I am wondering about how to implement efficiently a code that replaces some entries of an array with specific values. In other words, I have a matrix and a vector with some indices of the matrix where a logical condition holds. I want to change these entries for some values that I have in a vector.
So far, I've doing it with a loop, but perhaps there is a better strategy that uses filtering or something like that.
A small example would be:
A = collect(1:8); println(A)
B = [10,20]
C = A.<=2
k = 1
for t=1:8
if C[t] == 1
A[t] = B[k]
k = k+1
else
end
end
However, I need to do this in inside a quite intensive loop, with a bigger matrix. The indices I have to change are always the same, but the vector of values (the counterpart of B) changes in each iteration.
Thanks so much!
You can simply write:
A = collect(1:8)
B = [10,20]
C = findall(A.<=2)
A[C] = B
The use of findall
function could be also rewritten as C = findall(x -> x <= 2, A)

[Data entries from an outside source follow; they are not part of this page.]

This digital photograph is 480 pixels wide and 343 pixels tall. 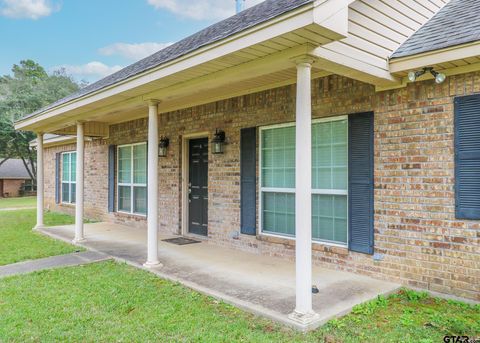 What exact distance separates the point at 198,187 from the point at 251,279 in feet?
10.8

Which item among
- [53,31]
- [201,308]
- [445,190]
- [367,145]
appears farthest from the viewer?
[53,31]

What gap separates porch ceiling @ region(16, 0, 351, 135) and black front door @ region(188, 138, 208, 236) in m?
0.96

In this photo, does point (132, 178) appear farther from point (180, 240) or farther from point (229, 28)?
point (229, 28)

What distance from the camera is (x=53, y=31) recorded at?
36750 mm

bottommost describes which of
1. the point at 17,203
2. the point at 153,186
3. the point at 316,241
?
the point at 17,203

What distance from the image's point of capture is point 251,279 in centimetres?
471

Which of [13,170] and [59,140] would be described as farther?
[13,170]

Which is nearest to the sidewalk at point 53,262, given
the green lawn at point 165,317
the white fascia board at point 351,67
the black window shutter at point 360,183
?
the green lawn at point 165,317

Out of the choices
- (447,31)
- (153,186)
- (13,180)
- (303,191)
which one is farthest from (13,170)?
(447,31)

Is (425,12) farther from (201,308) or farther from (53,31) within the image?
(53,31)

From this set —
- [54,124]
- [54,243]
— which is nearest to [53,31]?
[54,124]

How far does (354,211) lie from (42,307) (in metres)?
3.82

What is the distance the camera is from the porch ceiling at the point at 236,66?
9.95 ft

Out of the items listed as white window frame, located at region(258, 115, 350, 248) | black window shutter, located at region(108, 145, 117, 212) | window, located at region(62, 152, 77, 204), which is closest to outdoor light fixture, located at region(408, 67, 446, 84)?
white window frame, located at region(258, 115, 350, 248)
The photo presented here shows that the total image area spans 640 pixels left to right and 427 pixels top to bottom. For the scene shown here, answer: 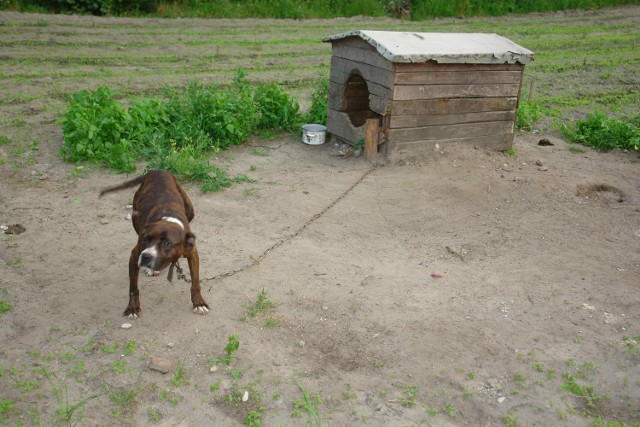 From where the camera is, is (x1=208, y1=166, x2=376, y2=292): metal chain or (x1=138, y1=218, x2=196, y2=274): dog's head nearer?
(x1=138, y1=218, x2=196, y2=274): dog's head

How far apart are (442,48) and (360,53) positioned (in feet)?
3.41

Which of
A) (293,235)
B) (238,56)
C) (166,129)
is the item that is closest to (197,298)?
(293,235)

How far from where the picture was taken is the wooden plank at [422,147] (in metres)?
8.32

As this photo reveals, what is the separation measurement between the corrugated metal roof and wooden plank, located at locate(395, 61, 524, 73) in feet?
0.31

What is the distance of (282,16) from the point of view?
1856 cm

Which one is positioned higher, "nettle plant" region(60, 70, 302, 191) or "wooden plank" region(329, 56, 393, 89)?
"wooden plank" region(329, 56, 393, 89)

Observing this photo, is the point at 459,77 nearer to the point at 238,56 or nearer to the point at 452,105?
the point at 452,105

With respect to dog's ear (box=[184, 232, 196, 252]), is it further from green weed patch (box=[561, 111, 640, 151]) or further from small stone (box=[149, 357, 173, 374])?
green weed patch (box=[561, 111, 640, 151])

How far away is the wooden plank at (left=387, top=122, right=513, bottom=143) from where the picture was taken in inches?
325

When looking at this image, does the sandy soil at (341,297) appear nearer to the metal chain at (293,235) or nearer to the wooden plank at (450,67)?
the metal chain at (293,235)

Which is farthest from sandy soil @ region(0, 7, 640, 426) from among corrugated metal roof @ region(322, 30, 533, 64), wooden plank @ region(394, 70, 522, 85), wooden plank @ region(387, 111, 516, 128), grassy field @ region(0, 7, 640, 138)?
grassy field @ region(0, 7, 640, 138)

to reduce the number of allocations. The key is that it is better that C
holds actual indices than logical indices. Technically A[C] = B
would also accept logical indices in C
but then it is slower. And assuming that C
is computed once while A[C] = B
is computed many times it is better to precompute the indices you want to use.
If C
changes with every iteration then it might be better to write C .= A .<= 2
and then A[C] = B
(note that I use in-pace update of C
here as when it is updated many times it is faster). You would have to benchmark what is better in your specific case.